Rivera tritura al progresista nada más comenzar el libro. Para él, ser progre consiste en "padecer cierta forma de cautiverio intelectual", y critica a la izquierda su "opiácea ortodoxia".
Con una declaración de principios tan contundente, su ulterior alegato en pro de la sociedad capitalista parece escrito por un liberal de la talla de Carlos Rodríguez Braun. Podría apostar a que el autor del Diccionario políticamente incorrecto suscribiría pasajes como el que sigue:
"El rechazo del mercado en una civilización extensa, obsesión favorita de los antiliberales, sólo parece que se pueda hacer en nombre de la añoranza por la vieja solidaridad tribal, o bien para proponer que sea el Estado el organismo de coordinación económica que sustituya al mercado".
Al entender de este modo cómo funciona la sociedad, Rivera es capaz de apreciar que el Estado Providencia atenta contra la libertad y la generosidad individual, ya que "al dejar en sus manos la misión de ser solidario por nosotros, desaprendemos progresivamente la facultad de ayudar a los demás y precisamos cada vez más que ejerza en nuestro nombre labores asistenciales". Más aún, en la medida en que interviene en la economía, crea el entorno adecuado para que se multipliquen los grupos de presión que quieren vivir parasitariamente de la sociedad, lo cual viene a demostrar que, bajo el manto de la solidaridad, se da un expolio a gran escala que sólo beneficia a unos pocos.
Como no podía ser menos en una obra sobre la libertad y el capitalismo, se dedica un capítulo al análisis de las teorías liberales de la propiedad privada.
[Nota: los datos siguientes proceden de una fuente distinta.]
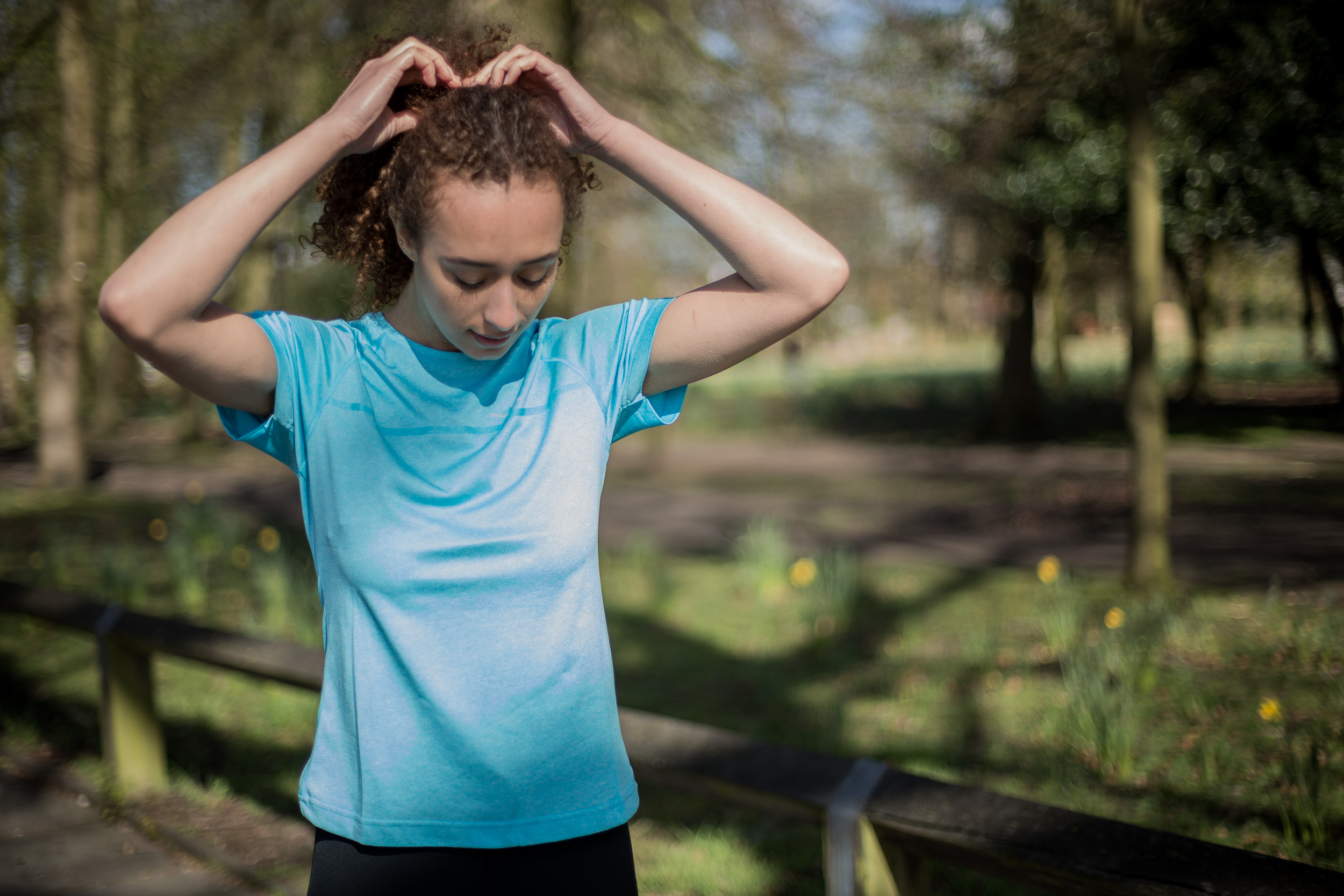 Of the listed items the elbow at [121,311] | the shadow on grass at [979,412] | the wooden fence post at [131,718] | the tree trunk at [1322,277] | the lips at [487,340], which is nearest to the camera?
the elbow at [121,311]

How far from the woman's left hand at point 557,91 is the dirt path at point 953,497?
5.21 m

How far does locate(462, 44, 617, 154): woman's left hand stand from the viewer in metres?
1.26

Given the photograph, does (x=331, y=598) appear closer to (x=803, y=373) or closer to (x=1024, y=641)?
(x=1024, y=641)

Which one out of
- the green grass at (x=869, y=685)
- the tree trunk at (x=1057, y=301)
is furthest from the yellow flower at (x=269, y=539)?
the tree trunk at (x=1057, y=301)

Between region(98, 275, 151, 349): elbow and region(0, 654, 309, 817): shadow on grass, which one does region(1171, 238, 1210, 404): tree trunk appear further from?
region(98, 275, 151, 349): elbow

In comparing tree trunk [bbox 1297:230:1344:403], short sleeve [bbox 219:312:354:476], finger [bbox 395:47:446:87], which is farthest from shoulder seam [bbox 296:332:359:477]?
A: tree trunk [bbox 1297:230:1344:403]

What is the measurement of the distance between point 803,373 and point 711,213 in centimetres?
2364

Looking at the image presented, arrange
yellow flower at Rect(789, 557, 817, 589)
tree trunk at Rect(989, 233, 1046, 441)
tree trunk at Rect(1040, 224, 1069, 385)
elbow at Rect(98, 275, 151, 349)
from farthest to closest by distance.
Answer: tree trunk at Rect(1040, 224, 1069, 385) → tree trunk at Rect(989, 233, 1046, 441) → yellow flower at Rect(789, 557, 817, 589) → elbow at Rect(98, 275, 151, 349)

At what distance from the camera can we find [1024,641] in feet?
15.5

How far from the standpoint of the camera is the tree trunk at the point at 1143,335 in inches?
206

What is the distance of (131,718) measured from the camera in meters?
3.37

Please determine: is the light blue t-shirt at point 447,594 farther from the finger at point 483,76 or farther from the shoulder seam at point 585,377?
the finger at point 483,76

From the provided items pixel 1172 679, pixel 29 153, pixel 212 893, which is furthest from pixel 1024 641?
pixel 29 153

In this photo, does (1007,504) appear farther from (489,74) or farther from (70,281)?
(70,281)
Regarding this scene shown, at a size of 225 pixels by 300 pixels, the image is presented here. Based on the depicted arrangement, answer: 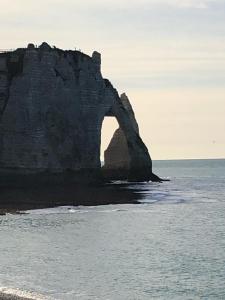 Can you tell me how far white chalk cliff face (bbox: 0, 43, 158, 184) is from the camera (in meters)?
81.7

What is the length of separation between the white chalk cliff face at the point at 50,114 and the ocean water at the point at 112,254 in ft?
91.8

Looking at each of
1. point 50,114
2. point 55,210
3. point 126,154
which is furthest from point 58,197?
point 126,154

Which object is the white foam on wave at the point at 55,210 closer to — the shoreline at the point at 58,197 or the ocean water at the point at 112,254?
the ocean water at the point at 112,254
Sin embargo, quizás sea aquí donde el autor de Lo que Sócrates diría a Woody Allen incurre en más incoherencias. Principalmente, yerra al criticar el concepto de "autopropiedad", del que es deudor el liberalismo. Para entendernos: un liberal entiende por "autopropiedad" el que cada individuo es dueño de su cuerpo y sus facultades, por lo que aquello que cree será suyo. Rivera critica este postulado, porque considera que las capacidades individuales son claramente arbitrarias. Por eso, éstas conforman un "activo común" que "hace posibles numerosas complementariedades entre los talentos cuando se organiza de maneras que permiten sacar ventajas de estas diferencias".
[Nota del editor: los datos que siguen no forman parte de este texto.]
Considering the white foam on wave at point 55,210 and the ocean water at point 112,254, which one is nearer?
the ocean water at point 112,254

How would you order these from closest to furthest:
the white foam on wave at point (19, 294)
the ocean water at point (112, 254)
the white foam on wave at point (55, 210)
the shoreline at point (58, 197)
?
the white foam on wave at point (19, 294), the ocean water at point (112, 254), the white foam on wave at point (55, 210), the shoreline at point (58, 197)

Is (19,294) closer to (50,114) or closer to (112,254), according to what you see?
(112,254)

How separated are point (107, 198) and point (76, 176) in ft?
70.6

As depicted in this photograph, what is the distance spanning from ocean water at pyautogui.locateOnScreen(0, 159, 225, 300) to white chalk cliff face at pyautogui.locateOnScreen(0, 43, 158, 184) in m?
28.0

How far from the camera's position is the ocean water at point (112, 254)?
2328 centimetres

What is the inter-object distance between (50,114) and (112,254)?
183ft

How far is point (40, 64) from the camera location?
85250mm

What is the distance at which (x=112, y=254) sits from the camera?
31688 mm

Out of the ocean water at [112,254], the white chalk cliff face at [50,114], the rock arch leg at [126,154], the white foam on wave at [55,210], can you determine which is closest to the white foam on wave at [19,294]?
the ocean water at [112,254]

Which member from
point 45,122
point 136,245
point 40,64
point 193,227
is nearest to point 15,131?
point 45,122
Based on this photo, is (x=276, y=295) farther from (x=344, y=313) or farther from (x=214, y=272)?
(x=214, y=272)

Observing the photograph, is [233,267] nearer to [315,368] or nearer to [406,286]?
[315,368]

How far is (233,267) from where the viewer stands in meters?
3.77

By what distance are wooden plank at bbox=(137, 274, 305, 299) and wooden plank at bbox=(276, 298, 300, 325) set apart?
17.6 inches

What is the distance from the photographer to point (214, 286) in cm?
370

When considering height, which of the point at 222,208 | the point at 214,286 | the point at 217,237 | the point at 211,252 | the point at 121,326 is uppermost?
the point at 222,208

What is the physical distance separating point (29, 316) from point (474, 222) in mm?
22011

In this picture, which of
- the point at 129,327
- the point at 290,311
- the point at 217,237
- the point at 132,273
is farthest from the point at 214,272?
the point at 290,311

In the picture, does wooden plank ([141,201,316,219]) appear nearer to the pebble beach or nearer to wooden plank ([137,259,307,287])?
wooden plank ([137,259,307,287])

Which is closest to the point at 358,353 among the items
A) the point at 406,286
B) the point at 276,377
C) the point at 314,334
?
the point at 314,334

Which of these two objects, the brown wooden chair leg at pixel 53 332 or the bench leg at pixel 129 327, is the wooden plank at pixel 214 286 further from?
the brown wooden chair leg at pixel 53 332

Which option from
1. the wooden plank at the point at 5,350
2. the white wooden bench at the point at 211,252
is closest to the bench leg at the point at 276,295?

Rivera asume acríticamente esta premia de uno de los gurús de la izquierda, John Rawls. Aunque éste no es el lugar para analizar sus ideas, baste decir que Rawls llegó a sostener que "los favorecidos por la naturaleza no podrán obtener ganancias por el mero hecho de estar más dotados, sino solamente para cubrir los costos de su entrenamiento y educación y para usar sus dones de manera que también ayuden a los menos afortunados". En la medida en que Rivera pone una alfombra roja cada vez que cita a Rawls, su defensa de la libertad explota como un globo cuando es expuesto al fuego. La prueba del algodón no engaña: donde no se reconoce el derecho absoluto del individuo a la propiedad privada y se ponen cortapisas de cualquier clase no hay libertad verdadera.
Evidentemente, a todos nos preocupa el bienestar de los más desafortunados. La cuestión es si la redistribución light que propugna Rivera es eficaz y, sobre todo, si no vulnera los derechos individuales. A pesar de lo anterior, hay que reconocer que, en ocasiones, acepta las contradicciones en que incurre, lo cual dice mucho de su honestidad intelectual.
Aunque Menos utopía y más libertad contiene errores que dinamitan su brillantez general (Rivera tiene bien claro que "la apuesta ganadora para la izquierda es convertirse en una izquierda liberal o, mejor aún, en un liberalismo de izquierdas"), nos encontramos ante el libro que está llamado a civilizar a Rodríguez Zapatero. ¿Será posible?